D’autre part, sur les conditions de séjour dans le camp, la Cour considère que les autorités n’ont pas accompli tout ce qui pouvait raisonnablement être attendu d’elles pour garantir la prise en charge et la protection des mineurs isolés, qui ont passé un mois dans le camp. La Cour rappelle l’obligation particulière pesant sur l’État grec s’agissant des personnes particulièrement vulnérables en raison de leur âge. Ainsi, l’article 3 de la Convention a été violé en raison des conditions de vie des requérants.
Au regard de l’article 5 de la Convention, la Cour juge que le placement de trois des requérants dans les postes de police s’analyse en une privation de liberté. Les autorités grecques ne sachant expliquer pour quelle raison elles ont d’abord placé les requérants dans des postes de police et dans des conditions de détention dégradantes, et non dans d’autres lieux d’hébergement provisoire adaptés à leur situation, ont violé leur droit à la liberté et à la sûreté protégé par l’article 5 de la Convention.

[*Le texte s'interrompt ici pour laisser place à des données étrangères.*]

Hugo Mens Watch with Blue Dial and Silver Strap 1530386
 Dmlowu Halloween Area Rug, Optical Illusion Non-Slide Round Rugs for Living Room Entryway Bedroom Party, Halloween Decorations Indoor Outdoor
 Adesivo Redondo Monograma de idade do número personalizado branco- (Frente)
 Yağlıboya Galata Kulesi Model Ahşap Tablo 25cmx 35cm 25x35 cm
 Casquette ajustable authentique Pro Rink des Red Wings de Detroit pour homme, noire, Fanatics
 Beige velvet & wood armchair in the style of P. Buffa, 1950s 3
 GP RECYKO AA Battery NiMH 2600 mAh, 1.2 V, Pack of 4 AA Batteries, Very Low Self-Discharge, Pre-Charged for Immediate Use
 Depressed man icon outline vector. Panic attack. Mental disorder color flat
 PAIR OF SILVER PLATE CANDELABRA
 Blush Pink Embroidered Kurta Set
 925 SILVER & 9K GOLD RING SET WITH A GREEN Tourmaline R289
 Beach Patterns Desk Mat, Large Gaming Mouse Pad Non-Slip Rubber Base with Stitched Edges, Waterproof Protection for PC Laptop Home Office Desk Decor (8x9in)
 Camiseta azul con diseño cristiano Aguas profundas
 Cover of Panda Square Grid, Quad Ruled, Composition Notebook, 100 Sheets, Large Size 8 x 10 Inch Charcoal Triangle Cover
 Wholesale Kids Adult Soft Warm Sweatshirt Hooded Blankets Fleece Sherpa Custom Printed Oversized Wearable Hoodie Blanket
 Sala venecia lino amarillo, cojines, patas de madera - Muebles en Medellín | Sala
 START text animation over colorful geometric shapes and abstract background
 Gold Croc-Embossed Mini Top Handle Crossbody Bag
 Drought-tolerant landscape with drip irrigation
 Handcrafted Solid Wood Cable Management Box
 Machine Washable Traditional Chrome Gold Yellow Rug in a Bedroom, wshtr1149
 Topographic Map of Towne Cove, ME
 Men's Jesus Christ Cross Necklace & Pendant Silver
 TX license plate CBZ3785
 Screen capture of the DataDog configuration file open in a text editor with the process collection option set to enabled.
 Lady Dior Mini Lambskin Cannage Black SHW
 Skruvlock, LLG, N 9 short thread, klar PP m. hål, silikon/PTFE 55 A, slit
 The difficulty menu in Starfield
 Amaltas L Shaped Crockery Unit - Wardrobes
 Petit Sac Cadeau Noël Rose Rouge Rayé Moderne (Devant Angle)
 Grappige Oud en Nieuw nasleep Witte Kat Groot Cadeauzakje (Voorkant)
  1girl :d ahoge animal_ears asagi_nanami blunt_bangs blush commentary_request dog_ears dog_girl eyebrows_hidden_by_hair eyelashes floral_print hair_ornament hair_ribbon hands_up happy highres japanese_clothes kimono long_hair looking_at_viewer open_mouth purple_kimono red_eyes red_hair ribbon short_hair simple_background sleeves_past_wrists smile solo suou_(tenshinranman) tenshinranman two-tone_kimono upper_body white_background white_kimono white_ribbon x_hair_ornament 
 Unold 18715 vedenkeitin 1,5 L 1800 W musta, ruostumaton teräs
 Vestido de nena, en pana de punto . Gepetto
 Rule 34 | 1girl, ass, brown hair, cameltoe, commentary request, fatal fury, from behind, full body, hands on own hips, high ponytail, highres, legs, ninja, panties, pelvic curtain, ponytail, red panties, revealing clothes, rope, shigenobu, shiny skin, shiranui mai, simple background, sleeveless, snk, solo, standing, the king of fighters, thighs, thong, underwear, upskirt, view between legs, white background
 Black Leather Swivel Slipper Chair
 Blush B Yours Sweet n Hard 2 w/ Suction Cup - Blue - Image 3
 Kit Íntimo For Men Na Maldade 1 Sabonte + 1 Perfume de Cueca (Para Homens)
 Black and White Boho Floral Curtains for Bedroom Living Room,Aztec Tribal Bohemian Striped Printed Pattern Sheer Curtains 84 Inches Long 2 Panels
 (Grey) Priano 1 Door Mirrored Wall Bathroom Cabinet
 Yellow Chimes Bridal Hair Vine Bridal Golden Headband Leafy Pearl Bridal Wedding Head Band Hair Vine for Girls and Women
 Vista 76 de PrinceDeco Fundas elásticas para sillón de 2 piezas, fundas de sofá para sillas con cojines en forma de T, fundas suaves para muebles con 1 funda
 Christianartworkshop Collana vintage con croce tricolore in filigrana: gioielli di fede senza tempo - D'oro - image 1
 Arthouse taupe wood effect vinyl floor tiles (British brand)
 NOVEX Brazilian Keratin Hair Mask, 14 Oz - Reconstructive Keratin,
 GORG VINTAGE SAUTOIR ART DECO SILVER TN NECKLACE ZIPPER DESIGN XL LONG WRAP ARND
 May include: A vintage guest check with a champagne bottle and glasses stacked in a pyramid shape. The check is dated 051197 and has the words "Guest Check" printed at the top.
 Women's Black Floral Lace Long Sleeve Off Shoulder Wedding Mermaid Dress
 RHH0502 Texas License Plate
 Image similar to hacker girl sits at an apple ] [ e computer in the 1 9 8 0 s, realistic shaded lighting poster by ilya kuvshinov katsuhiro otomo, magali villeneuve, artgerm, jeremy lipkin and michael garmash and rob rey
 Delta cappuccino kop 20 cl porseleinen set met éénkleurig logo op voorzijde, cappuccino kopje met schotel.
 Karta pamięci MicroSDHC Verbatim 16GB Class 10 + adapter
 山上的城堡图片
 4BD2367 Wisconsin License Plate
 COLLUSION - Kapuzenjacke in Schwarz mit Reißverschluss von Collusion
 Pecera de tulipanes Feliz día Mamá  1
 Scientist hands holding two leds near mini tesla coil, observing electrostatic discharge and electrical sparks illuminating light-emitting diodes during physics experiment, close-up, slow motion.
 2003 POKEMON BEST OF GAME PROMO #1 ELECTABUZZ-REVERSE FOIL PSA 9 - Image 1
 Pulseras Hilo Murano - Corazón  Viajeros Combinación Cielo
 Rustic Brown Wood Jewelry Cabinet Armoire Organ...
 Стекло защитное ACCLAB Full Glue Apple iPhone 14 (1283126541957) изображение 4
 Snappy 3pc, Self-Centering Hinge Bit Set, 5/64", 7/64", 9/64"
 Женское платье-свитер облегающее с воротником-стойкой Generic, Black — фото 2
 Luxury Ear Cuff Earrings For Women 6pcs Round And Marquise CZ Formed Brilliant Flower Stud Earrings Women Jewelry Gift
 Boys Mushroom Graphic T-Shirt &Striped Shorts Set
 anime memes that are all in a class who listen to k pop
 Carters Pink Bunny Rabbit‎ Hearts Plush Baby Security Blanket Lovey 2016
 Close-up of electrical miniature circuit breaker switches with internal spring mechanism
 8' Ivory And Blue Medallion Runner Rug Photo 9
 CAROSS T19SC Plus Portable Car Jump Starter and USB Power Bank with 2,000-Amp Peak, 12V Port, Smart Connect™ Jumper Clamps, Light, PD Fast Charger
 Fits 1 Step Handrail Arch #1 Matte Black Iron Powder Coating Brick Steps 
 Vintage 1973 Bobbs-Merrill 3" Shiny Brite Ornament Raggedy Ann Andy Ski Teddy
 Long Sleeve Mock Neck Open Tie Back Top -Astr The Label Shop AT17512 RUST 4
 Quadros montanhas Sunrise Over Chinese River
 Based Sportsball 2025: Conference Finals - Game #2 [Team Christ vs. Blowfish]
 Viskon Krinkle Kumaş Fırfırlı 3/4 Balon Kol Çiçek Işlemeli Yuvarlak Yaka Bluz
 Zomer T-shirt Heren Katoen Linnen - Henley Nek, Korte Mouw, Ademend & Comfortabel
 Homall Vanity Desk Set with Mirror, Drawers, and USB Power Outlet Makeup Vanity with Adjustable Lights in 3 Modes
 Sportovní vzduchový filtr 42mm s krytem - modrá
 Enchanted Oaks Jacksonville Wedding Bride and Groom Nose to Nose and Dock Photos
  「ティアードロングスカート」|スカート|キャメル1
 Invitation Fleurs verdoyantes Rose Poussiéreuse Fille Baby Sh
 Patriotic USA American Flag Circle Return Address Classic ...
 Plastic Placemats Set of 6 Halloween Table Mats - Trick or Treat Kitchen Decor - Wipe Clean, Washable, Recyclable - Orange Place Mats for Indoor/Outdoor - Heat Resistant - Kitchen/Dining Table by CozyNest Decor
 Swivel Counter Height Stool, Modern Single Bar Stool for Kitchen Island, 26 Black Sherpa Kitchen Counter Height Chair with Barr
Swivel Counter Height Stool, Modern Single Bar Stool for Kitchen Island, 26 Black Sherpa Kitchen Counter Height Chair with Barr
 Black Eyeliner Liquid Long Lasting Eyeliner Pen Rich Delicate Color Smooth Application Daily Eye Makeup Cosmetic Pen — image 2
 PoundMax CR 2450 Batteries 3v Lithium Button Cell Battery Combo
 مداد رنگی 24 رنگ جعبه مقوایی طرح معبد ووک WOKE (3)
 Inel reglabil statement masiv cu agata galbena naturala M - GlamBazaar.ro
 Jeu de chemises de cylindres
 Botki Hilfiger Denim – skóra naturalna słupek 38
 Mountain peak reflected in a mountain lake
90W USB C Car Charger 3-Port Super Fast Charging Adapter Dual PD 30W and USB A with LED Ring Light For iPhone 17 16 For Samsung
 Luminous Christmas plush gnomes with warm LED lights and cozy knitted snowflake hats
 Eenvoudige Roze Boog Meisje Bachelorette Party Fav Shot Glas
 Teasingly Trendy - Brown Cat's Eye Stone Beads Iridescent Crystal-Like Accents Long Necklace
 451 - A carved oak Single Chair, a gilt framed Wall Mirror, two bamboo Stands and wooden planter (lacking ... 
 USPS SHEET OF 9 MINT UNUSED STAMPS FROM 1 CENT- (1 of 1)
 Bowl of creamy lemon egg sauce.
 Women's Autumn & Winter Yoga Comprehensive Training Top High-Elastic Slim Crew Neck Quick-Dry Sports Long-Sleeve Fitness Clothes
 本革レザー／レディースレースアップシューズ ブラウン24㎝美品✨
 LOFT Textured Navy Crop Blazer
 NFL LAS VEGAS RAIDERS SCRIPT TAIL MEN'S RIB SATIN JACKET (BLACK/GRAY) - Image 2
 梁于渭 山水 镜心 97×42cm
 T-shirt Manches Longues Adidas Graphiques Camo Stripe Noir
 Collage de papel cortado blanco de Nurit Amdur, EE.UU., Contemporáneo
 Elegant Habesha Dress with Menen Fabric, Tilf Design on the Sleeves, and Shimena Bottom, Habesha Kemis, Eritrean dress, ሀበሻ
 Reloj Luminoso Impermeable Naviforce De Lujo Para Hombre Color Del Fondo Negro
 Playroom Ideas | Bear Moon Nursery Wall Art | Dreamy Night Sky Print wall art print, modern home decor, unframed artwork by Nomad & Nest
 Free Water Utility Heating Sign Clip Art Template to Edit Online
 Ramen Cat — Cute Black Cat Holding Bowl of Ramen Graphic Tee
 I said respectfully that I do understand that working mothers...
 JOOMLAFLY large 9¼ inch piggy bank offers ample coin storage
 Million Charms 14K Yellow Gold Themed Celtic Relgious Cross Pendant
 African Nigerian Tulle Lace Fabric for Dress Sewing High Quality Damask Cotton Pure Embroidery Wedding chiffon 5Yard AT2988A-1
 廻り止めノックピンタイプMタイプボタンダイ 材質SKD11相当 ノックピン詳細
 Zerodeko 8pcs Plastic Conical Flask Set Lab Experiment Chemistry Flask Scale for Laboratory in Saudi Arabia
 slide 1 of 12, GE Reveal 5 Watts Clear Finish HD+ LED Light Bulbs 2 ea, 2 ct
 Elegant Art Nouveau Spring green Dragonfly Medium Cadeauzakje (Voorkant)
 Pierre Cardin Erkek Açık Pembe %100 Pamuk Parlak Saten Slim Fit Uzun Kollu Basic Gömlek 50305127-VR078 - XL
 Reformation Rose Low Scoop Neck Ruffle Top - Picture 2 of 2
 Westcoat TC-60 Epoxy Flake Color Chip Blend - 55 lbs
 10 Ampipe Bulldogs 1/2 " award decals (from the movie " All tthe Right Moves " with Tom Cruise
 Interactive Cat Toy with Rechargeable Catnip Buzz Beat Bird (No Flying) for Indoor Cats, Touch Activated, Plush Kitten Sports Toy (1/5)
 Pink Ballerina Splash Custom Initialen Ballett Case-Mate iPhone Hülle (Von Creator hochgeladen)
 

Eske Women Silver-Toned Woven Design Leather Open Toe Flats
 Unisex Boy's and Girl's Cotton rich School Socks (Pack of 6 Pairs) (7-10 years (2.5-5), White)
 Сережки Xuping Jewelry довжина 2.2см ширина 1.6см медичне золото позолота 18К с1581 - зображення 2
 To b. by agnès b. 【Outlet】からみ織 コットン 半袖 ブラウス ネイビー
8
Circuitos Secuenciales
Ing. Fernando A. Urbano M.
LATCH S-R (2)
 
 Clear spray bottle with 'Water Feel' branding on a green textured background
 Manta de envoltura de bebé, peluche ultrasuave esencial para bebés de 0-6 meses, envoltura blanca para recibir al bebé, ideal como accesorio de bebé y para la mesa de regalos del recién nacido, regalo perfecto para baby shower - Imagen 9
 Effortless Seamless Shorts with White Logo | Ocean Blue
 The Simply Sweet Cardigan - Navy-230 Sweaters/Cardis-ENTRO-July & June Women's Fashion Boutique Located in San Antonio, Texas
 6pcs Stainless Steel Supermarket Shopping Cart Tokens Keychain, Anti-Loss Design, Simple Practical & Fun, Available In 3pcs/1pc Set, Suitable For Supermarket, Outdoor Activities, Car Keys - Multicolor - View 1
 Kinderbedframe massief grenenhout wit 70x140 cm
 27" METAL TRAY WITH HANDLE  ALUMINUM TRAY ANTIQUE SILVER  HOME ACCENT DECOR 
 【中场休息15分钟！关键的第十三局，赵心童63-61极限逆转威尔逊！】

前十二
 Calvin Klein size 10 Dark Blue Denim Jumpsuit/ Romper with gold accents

Voir aussi : CEDH, 28 février 2019, Affaire H.A et autres c. Grèce, Requête n°19951/16
Extraits de l’arrêt :
« […].
50. La Cour souligne que les postes de police présentent des caractéristiques pouvant faire naître chez le détenu un sentiment de solitude (absence d’enceinte extérieure pour se promener ou faire de l’exercice physique, de structures de restauration interne, de postes de radio ou de télévision permettant d’avoir un contact avec le monde extérieur) et ne sont
pas adaptés aux besoins d’une incarcération prolongée. Ainsi, la détention dans ces lieux pourrait faire naître chez les intéressés des sentiments d’isolement du monde extérieur, avec des conséquences potentiellement négatives sur leur bien-être physique et moral. La Cour note aussi que, dans son rapport du 26 septembre 2017, établi à la suite de ses précédentes visites en Grèce, le CPT a indiqué que la pratique qui consistait à placer en détention dans des postes de police, dans un but « protecteur », pendant plusieurs jours, voire des semaines, les mineurs non accompagnés ou séparés sans aucune assistance ou soutien psychologique et social était inacceptable (paragraphe 28 ci-dessus). Le CPT a réitéré ce constat dans son rapport du 19 février 2019, dans lequel il a de nouveau recommandé aux autorités grecques de cesser de retenir des enfants non accompagnés, entre autres, dans les commissariats de police et dans les postes des gardes frontières (paragraphes 29-30 ci-dessus).
[…]
55. La Cour relève que les États qui, tel l’État défendeur, sont parties à la Convention relative aux droits de l’enfant, sont tenus en vertu de l’article 20 de celle-ci de garantir à tout enfant « temporairement ou définitivement privé de son milieu familial » relevant de leur juridiction « une protection de remplacement conforme à sa législation nationale » ;
l’article 20 précise que cette obligation s’impose quelle que soit l’origine nationale de l’enfant. Il résulte par ailleurs de la jurisprudence de la Cour qu’au titre des obligations positives découlant de l’article 3 de la Convention, les États parties sont tenus de protéger et de prendre en charge les mineurs étrangers non accompagnés (Khan c. France, n° 12267/16, § 44, 28 février 2019).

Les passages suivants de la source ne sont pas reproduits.